La sola tecnologia non è sufficiente per stanare i traffici di pedopornografia, sopprimere le immagini di abusi, segnalare alle autorità le attività illegali che vengono perpetrate con la mediazione della Rete: l’occhio umano, sensibile al comune senso morale e addestrato dalle policy, resta uno strumento indispensabile. Due paia di questi occhi, alle dipendenze di Microsoft, denunciano le conseguenze di questa attività lavorativa, capace di generare profondi turbamenti e di riverberarsi sulla psiche e sulla vita quotidiana di chi la esercita.

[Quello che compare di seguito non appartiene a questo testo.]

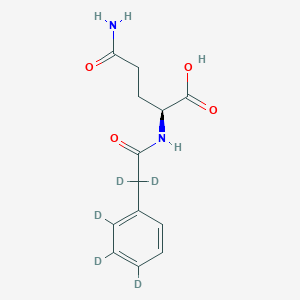 (2S)-5-amino-2-[[2,2-dideuterio-2-(2,3,4-trideuteriophenyl)acetyl]amino]-5-oxopentanoic acid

La denuncia è stata mossa nei confronti di Redmond da Henry Soto e Greg Blauert, due membri dell’Online Safety Team, divisione costituita nel 2008 per interfacciarsi con il National Center for Missing and Exploited Children (NCMEC) statunitese e per segnalare alle autorità e rimuovere contenuti violenti, pedopornografici o illegali che circolassero presso i servizi di Redmond. Fra i loro compiti, si spiega nei documenti depositati in tribunale, c’era quello di “supportare le forze dell’ordine nel tentativi di combattere lo organizzazioni criminali”, quello di “analizzare migliaia di immagini di pedopornografia e di pornografia”, e di visionare contenuti che mostrano “atti di brutalità, omicidio, indescrivibili violenze sessuali, video di persone in punto di morte e, in generale, video e fotografie pensati per intrattenere il pubblico più deviante”.
Soto riferisce di aver lavorato nell’ambito di progetti come PhotoDNA, sviluppato da Microsoft per tracciare e individuare automaticamente in Rete immagini pedopornografiche contenute negli archivi delle autorità, e in progetti analoghi per la classificazione e il monitoraggio delle immagini degli abusi presso i servizi di Redmond. Quelle che Microsoft presenta come soluzioni automatizzate per rilevare contenuti frutto di violenza sono inevitabilmente affiancate da un controllo umano , per alimentare gli archivi, per rastrellare prove a favore delle autorità, per verificare quanto rilevato dal software, compito che spetta all’Online Safety Team. Nelle denuncia, inoltre, si riferisce che ai dipendenti fosse stato assegnato un particolare status che permetteva loro di “visionare letteralemte ogni comunicazione di ogni utente”: Microsoft, come altre aziende che offrono servizi di comunicazione in Rete, opera un controllo nel nome del contrasto alla pedopornografia. Un controllo che, evidentemente, non è governato dai soli automatismi della tecnologia, ma presieduto da una gestione umana .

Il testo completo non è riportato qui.